- **EXERCISE GOAL**:
Can you copy out the data exactly? Leave the images out.

- **STORED DATA**:
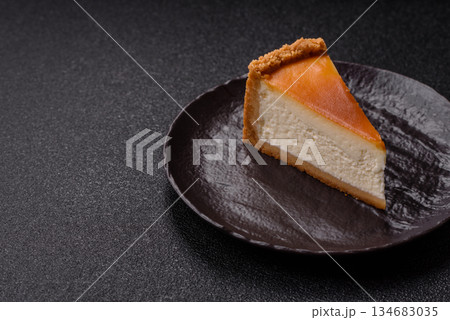 New York cheesecake, a slice of sweet pie, a classic cheesecake dessert. New York cheesecake New York cheesecake, a slice of sweet pie, a classic cheesecake dessert. New York cheesecake 134683035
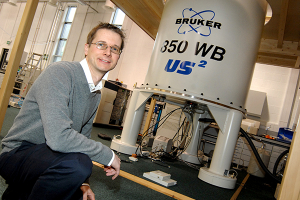 Photo of Steven Brown with NMR spectrometer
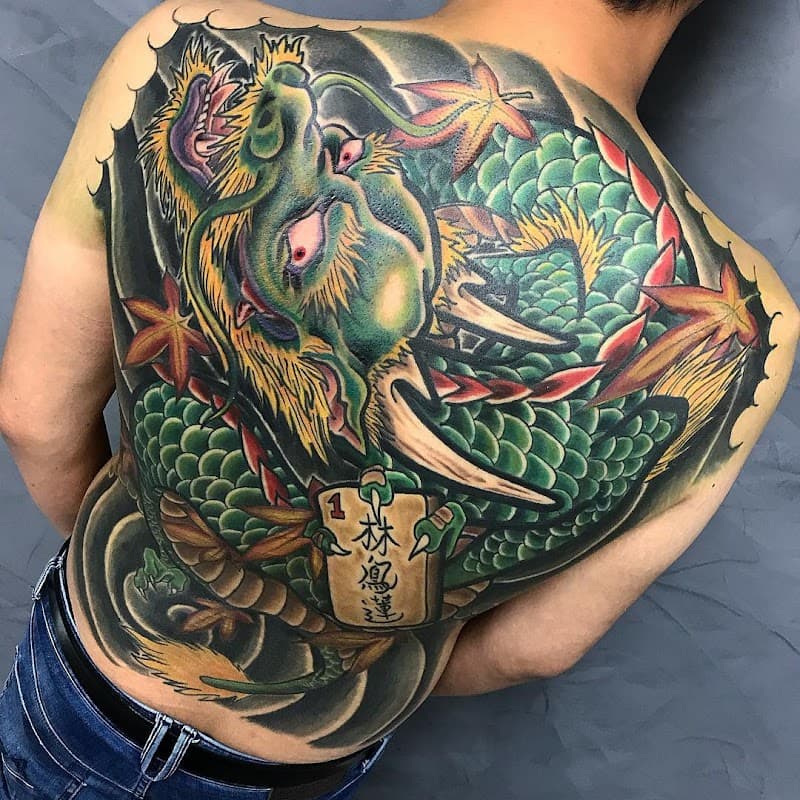 Grote Japanse draak full-back tattoo met esdoornbladeren en een houten bordje.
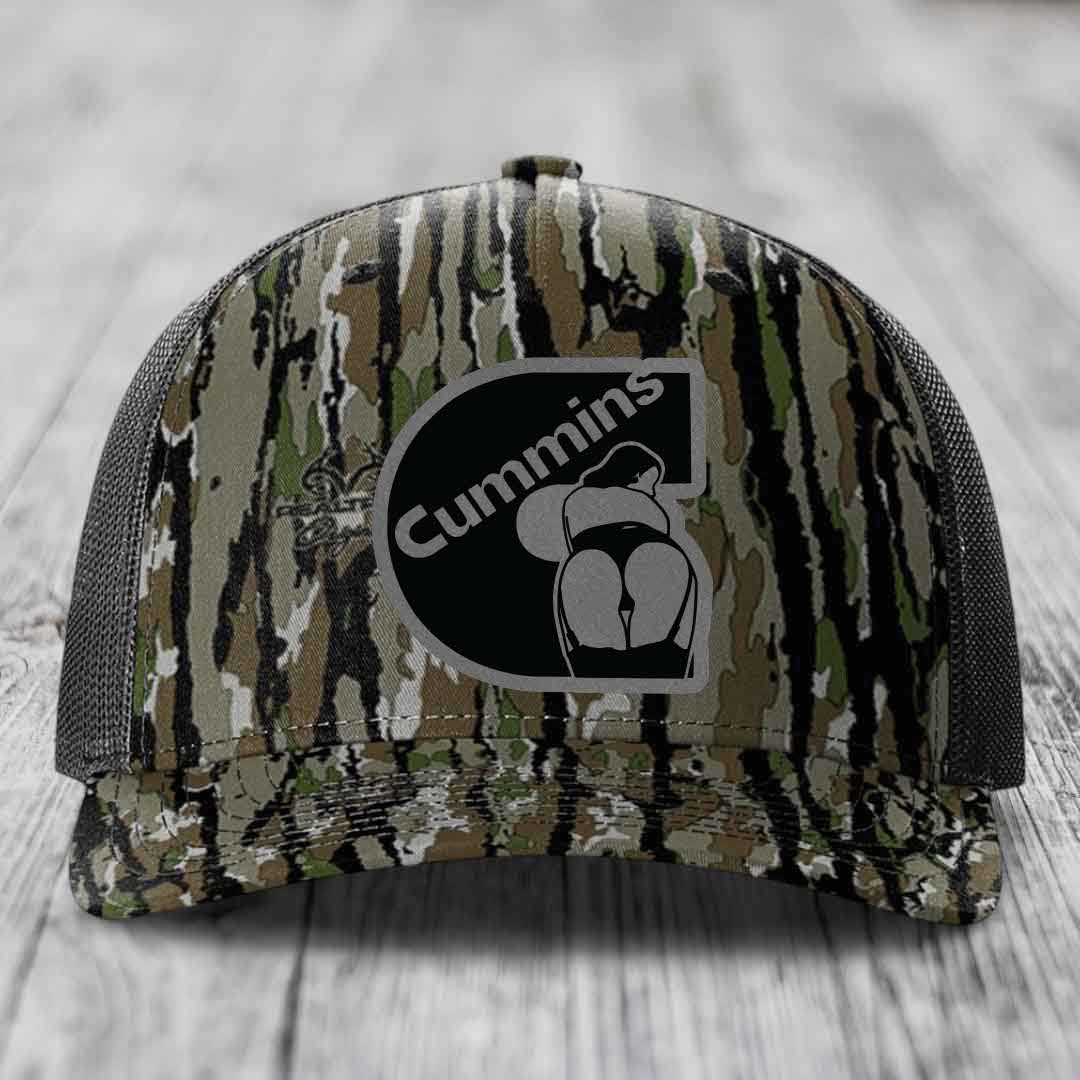 Black camouflage trucker hat with Cummins logo patch on front, resting on wooden surface.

- **TASK RESULT**:
 New York cheesecake, a slice of sweet pie, a classic cheesecake dessert. New York cheesecake New York cheesecake, a slice of sweet pie, a classic cheesecake dessert. New York cheesecake 134683035
 Photo of Steven Brown with NMR spectrometer
 Grote Japanse draak full-back tattoo met esdoornbladeren en een houten bordje.
 Black camouflage trucker hat with Cummins logo patch on front, resting on wooden surface.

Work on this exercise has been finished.